__INSTRUCTIONS TO FOLLOW__. Restate the listing below line for line and word for word, without the pictures.

__DATA EXTRACT__.
◆ ◆ ◆

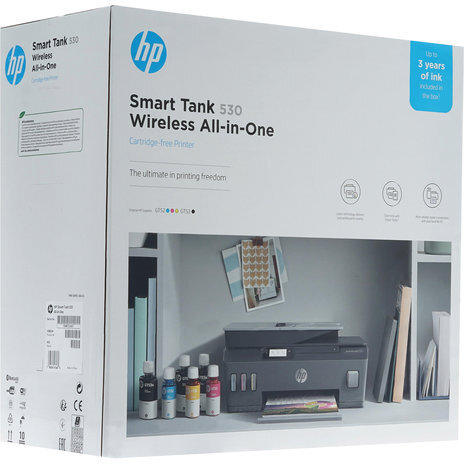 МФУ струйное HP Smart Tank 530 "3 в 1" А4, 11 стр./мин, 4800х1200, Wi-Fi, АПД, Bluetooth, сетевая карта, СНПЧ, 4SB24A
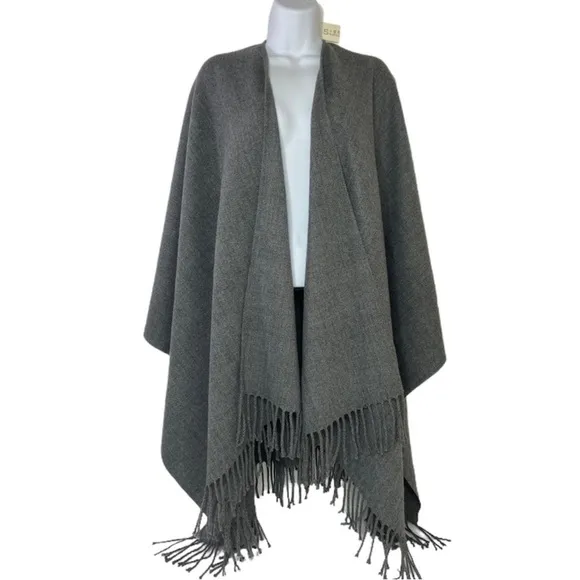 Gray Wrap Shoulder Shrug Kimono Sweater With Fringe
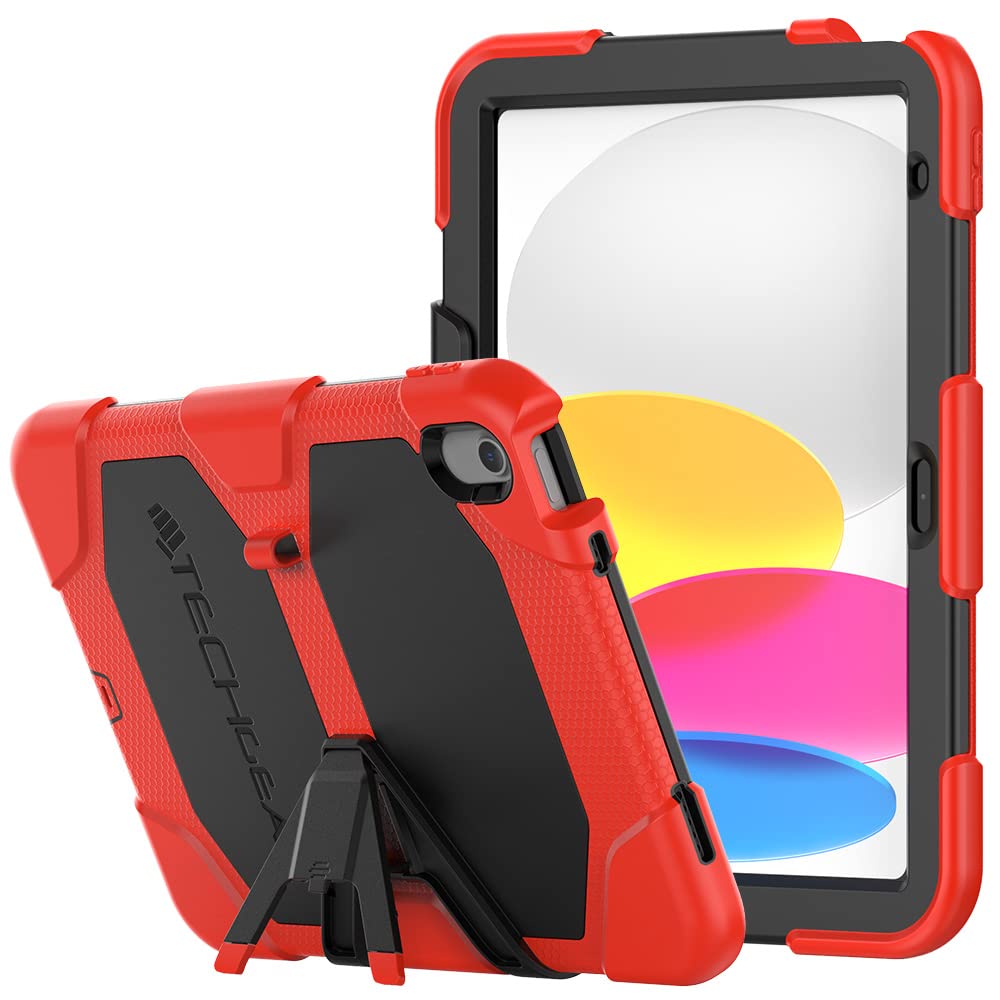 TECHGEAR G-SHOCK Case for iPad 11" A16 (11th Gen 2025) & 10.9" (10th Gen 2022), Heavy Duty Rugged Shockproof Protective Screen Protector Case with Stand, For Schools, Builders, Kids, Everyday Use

◆ ◆ ◆

__ANSWER__.
 МФУ струйное HP Smart Tank 530 "3 в 1" А4, 11 стр./мин, 4800х1200, Wi-Fi, АПД, Bluetooth, сетевая карта, СНПЧ, 4SB24A
 Gray Wrap Shoulder Shrug Kimono Sweater With Fringe
 TECHGEAR G-SHOCK Case for iPad 11" A16 (11th Gen 2025) & 10.9" (10th Gen 2022), Heavy Duty Rugged Shockproof Protective Screen Protector Case with Stand, For Schools, Builders, Kids, Everyday Use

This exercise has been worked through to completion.